Liberales al rescate
Cuando en los años ochenta estalló en España la crisis bancaria surgieron dos escuelas de pensamiento. La primera consideraba que la crisis de un banco se transmitía de modo automático al conjunto del sistema financiero. Que si un banco quebraba el daño en términos de pérdida de confianza hacia todos los demás sería insoportable, por lo que se imponía acudir en su rescate o, mejor dicho, que el Estado, es decir los contribuyentes, aportaran los fondos necesarios para reflotar al hundido.
La segunda era de la opinión de que alguna quiebra aislada siempre es saludable porque obliga al depositante a discriminar entre los bancos que ofrecen solvencia y los que se embarcan en aventuras que transgreden la ley de la gravitación universal. Que un banco quiebre, según esta segunda escuela, es la sanción a comportamientos temerarios con los que el público debe evitar alinearse si quiere quedar a salvo de las consecuencias. El miedo guarda la viña y la quiebra de un banco es la penalización de un comportamiento heterodoxo frente al que se impone la natural prevención y la reorientación de la confianza hacia quienes la merecen con juego limpio, sin ofrecer locuras a prueba de bombas.

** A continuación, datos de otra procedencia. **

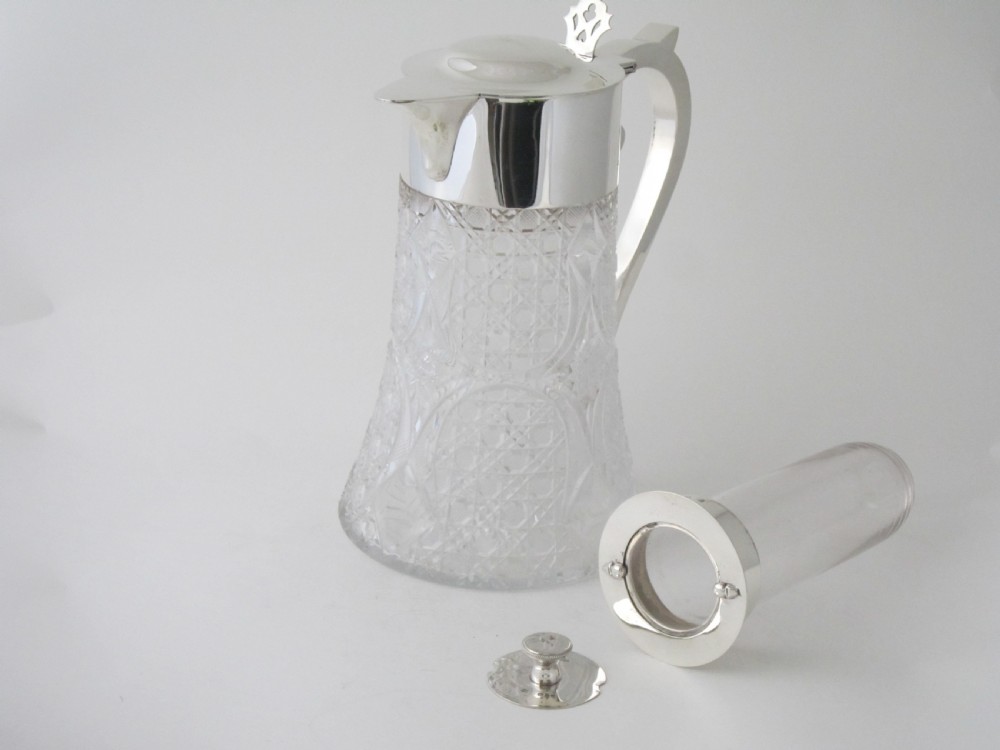 Antique Edwardian Sterling Silver & Cut Glass Lemonade Jug View IV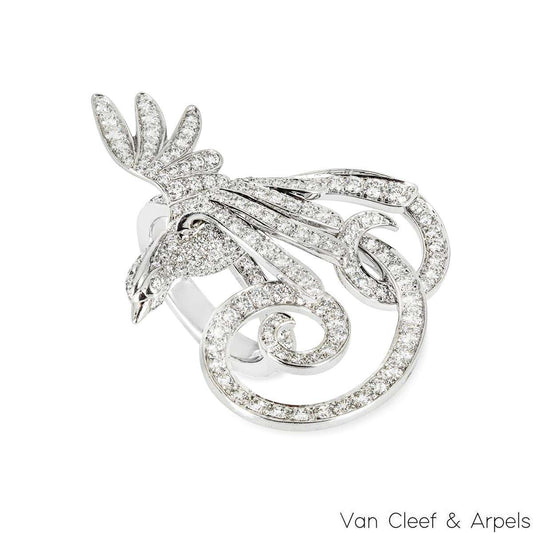 Van Cleef & Arpels White Gold Diamond Oiseaux De Paradis Between The Finger Ring VCARN5P400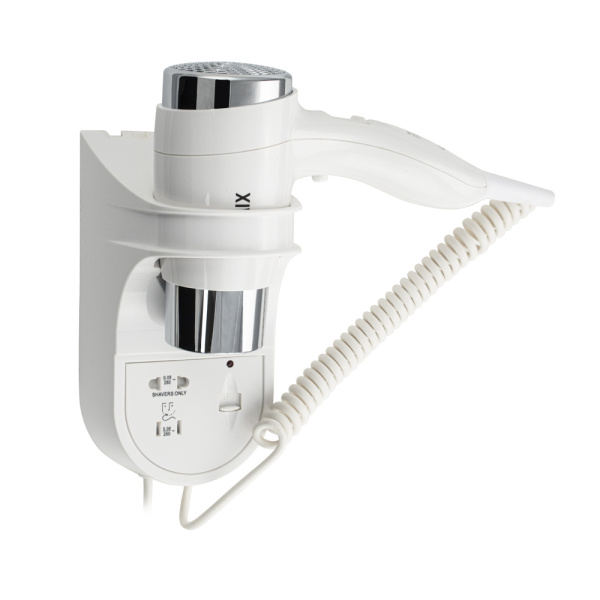 Фен для волос в ванную комнату с торцевым креплением, хромированный, 1100W (1 шт.)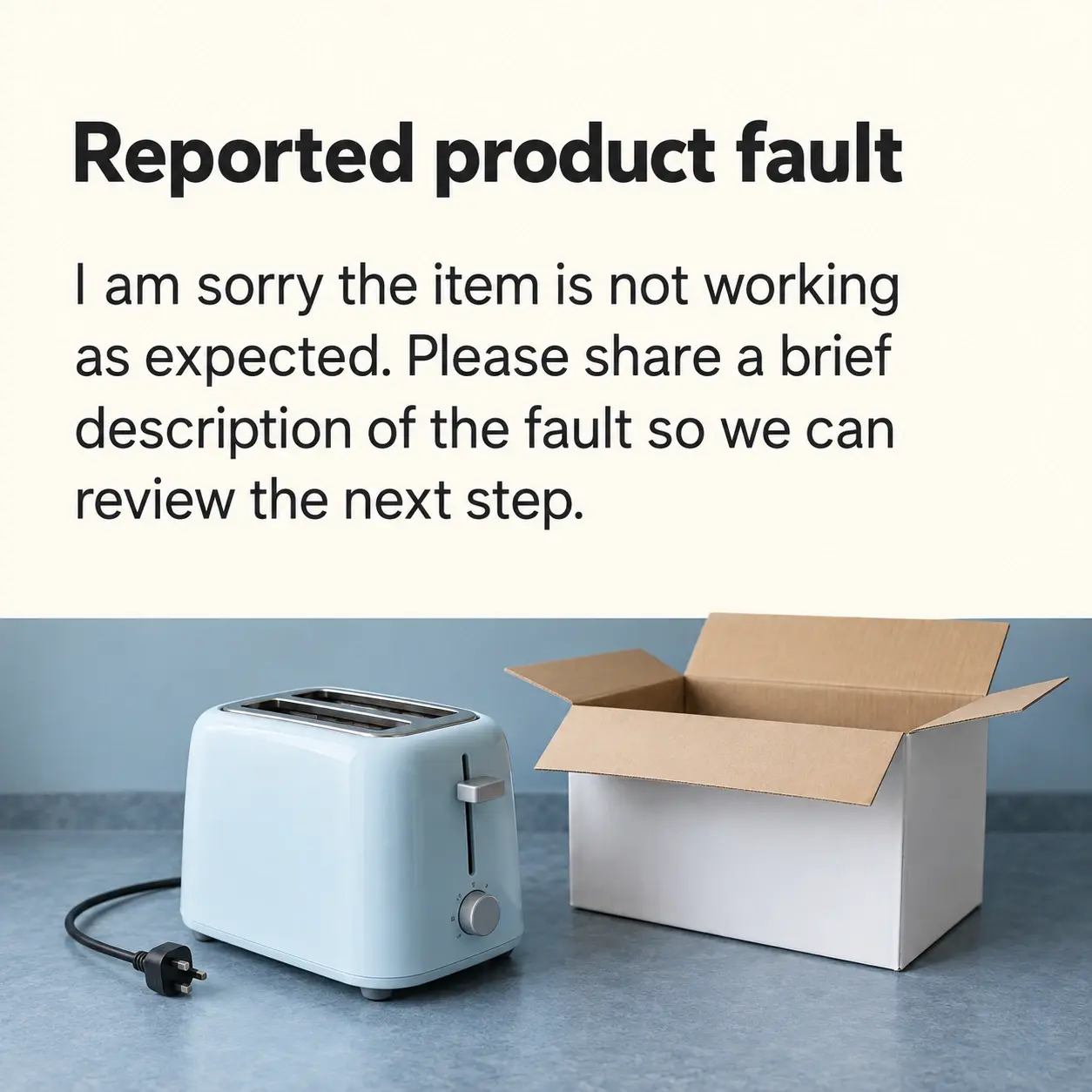 Reply card headed "Reported product fault" above an unplugged pale-blue countertop toaster beside its open carton on a muted blue worktop.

Ahora las turbulencias no tienen su epicentro en España, no se trata del Banco de Navarra, ni del de Valladolid, ni del Latino, ni del de Levante, ni de Banco Unión, ni de la Banca de Siero, ni se habla de Palomeras, ni de Domingo López, ni de Ruiz Mateos.
Para confusión de los triunfalistas de la catástrofe, al estilo Eduardo Zaplana o Manuel Pizarro, la salud del sistema financiero español no está en entredicho. Precisamente porque padecimos una crisis propia de grave intensidad hace 20 años, que exigió establecer el Fondo de Garantía de Depósitos constituido al 50% por la banca privada y los contribuyentes, decidimos entonces vacunarnos contra posibles rebrotes, adoptar medidas muy estrictas, fijar coeficientes máximos de morosidad y de inversión, establecer otros mínimos de liquidez y exigir su estricto cumplimiento mediante una inspección del Banco de España reforzada en sus equipos, modernizada en sus sistemas y cargada de autoridad.
Ahora el viento sopla de Poniente y la crisis tiene su origen en las famosas subprime, un producto financiero que gozaba del prestigio indiscutido del made in USA.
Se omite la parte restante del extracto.